* [Prompt]:
A word-for-word copy of the data is what's wanted; pictures stay out of it.

* [Dataset section]:

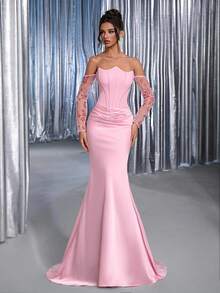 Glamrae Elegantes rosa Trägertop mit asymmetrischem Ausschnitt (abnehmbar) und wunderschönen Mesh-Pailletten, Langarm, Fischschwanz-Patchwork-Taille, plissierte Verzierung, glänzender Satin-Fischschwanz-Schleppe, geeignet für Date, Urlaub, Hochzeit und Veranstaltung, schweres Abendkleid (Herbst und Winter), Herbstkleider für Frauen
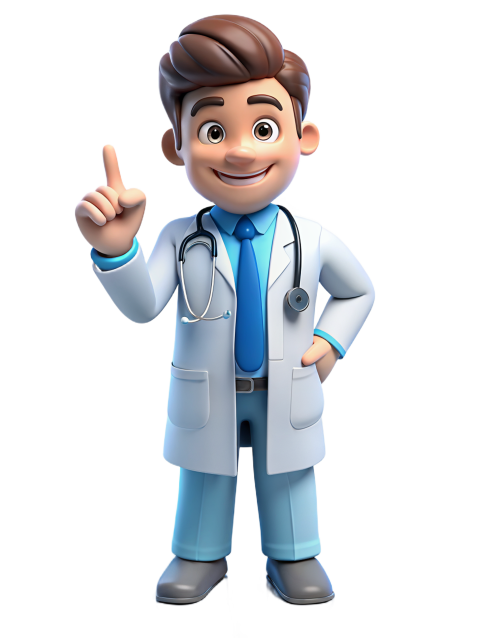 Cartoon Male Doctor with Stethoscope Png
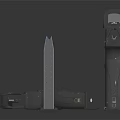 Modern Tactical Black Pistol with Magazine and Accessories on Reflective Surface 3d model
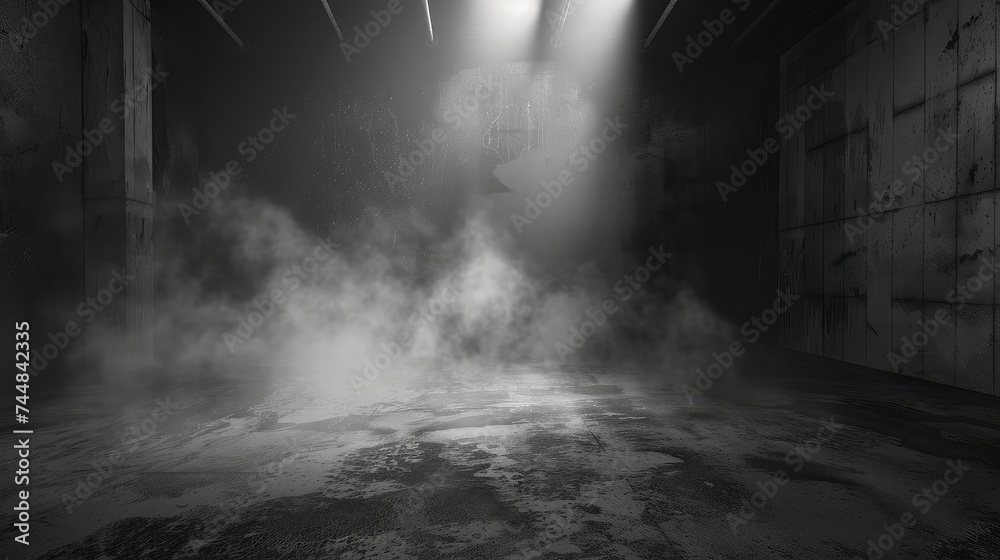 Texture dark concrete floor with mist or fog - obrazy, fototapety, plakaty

* [Written answer]:
 Glamrae Elegantes rosa Trägertop mit asymmetrischem Ausschnitt (abnehmbar) und wunderschönen Mesh-Pailletten, Langarm, Fischschwanz-Patchwork-Taille, plissierte Verzierung, glänzender Satin-Fischschwanz-Schleppe, geeignet für Date, Urlaub, Hochzeit und Veranstaltung, schweres Abendkleid (Herbst und Winter), Herbstkleider für Frauen
 Cartoon Male Doctor with Stethoscope Png
 Modern Tactical Black Pistol with Magazine and Accessories on Reflective Surface 3d model
 Texture dark concrete floor with mist or fog - obrazy, fototapety, plakaty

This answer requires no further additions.